On Over-Coding

Let’s talk for a minute about "over-coding". Over-coding, when you’re a TDD’ist, is writing more code than you (intended to) have test to cover. But I will offer a few thoughts on this to non TDD’ers and TDD’ers alike.

Many people, pro-TDD and con- both, seem to think of TDD as the name for a collection or rigorous mechanical rules. TDD is a kind of jack-in-the-box, where you sit there and turn the handle, circle circle circle, and out pops perfect software.

This is unfortunate.

There’s a lot of "always" and "never" in these rulesets. A typical example, "Never over-code." "Always write a test before each line of code". There are similar rule-sounding statements like these all over the place.

Now, maybe I’m not a real TDD’er. But I have been learning, teaching, doing, coaching, and advocating for it a very long time, and here’s the thing:

I over-code all the time.

I also refactor on red, leave parts of my code with no automated tests, ignore coverage numbers, and hardly ever write "macrotests" like story or acceptance or integration tests. …
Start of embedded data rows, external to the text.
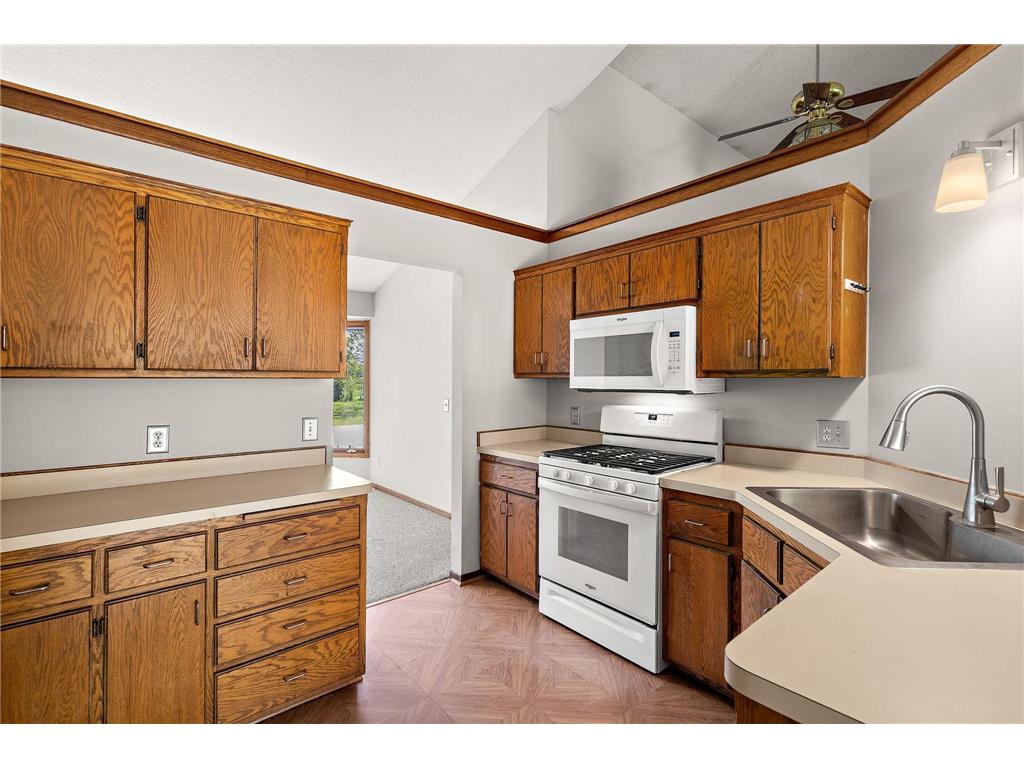 9419 James Avenue N Brooklyn Park MN 55444 7019359 image9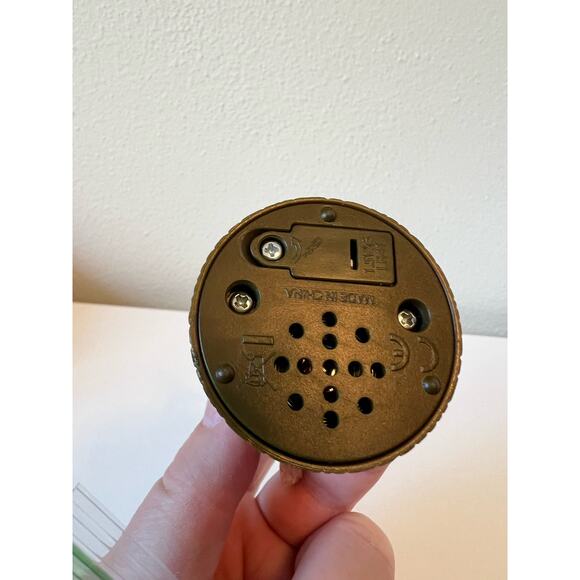 The Screaming Goat Figure Statue Novelty Toy Works - Picture 5 of 6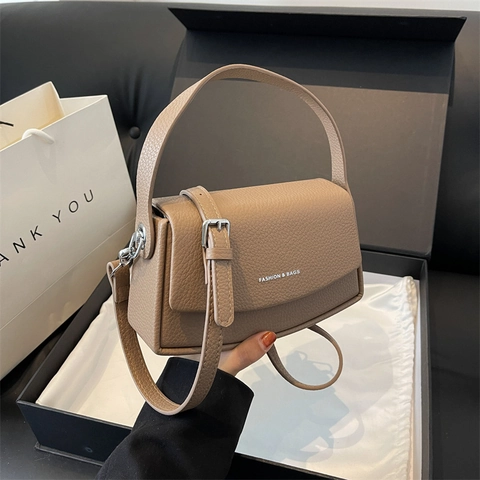 Minimalistische Damen PU Leder Kleine Quadratische Tasche Mit Gekörnte Textur Buchstabendruck Umhängetasche Für Den Alltag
… I sometimes design way ahead of my code, and far away from it. I don’t bring "beginner’s mind". I rarely write a test I don’t think I know how to pass. I’ll put three assertions in the same test. I’ll use incomplete assertions. There’s prolly more.

So there’s two questions on the table here, an easy one and a hard one.

  1. Easy: What do I do when I over-code?

  2. Hard: What on earth am I claiming when I say I’m a hardcore TDD’er?

When I over-code, I go back and add the test(s) I didn’t write. Since there’s usually already tests right nearby, I’m just adding one or two more. It’s easy and it’s quick. I don’t feel guilt, I don’t apologize. I just fix it.

I am a human, not a machine. I am given to distraction, I’m given to excitement, I know my code pretty well. Sometimes I handle more cases than yet have code for. Other times I don’t.

It, literally, depends on my feelings and my judgment.
You might wonder, does this sometimes lead me astray?

What? Are you kidding?! In programming, everything we do sometimes leads us astray. I’ve been hoist by every rule petard I ever deployed.

There isn’t an algorithm for programming. There’s some substantial theoretical evidence that there never could be one, but in any case, there’s a bazillion failed cases from actual practice giving us all evidence that there isn’t one.

TDD isn’t a ruleset.

So if it isn’t a ruleset, what is TDD?

Beats all hell outta me.

I can’t tell you. I can only tell you what it means to me when I say "I am a hardcore TDD’er".

(And, allow me a snarky moment: every time I talk about TDD, even when I expressly state I’m talking about how I do it, people, pro-TDD and con-TDD, come out of the woodwork to tell me a) I’m wrong and b) it will never work. It’s why I don’t want to write a book about TDD.)

For me, FOR ME, test-driven development is a style of programming, carried out inside a set of conscious premises, in which I write lots of very small tests for most of the very small objects and methjods I write, doing this because I believe it lets me ship more value faster.

Let me call out those features real quick, and then let me close with statements to the pro-crowd and to the con-crowd both.

  1. I don’t do TDD for reasons of art, craftpersonship, patriotism, discipline, or any kind of purity whatsoever. I TDD because my TDD lets me ship more value faster, assuming only that the value depends on me changing code.
  2. Small tests, and small objects, and small methods, are of critical importance to my usage of TDD. I solve combinatorics by decomposition and reasoning, not by scaling tests ever larger.
  3. This takes place inside a framework of ideas about which I’m quite confident. Here’s an old video discussing them. (NB: I now call the "money" premise the "value" premise, and the "chaining" premise the "parts" premise.

Five Underplayed Premises Of TDD | Video | GeePawHill.org
Hey, it’s GeePaw! I’m here to tell you today about five underplayed premises of Test-Driven Development. These premises form the kind …

And I want to finish this with two statements, one for the pro-TDDers, and one for the con-TDDers.

Pro-TDDers: Please lay off declaiming these over-simple always-never hyper-didactic purposefully-poloarizing rules.

Con-TDDers: Please stop hating on TDD, or me, because some doofus said something stupid about it, or some other doofus who doesn’t even code has forced it on you. That’s not on me, and it’s not on TDD. You’re not mad at TDD, you’re mad at our stupid broken trade, and I am, too.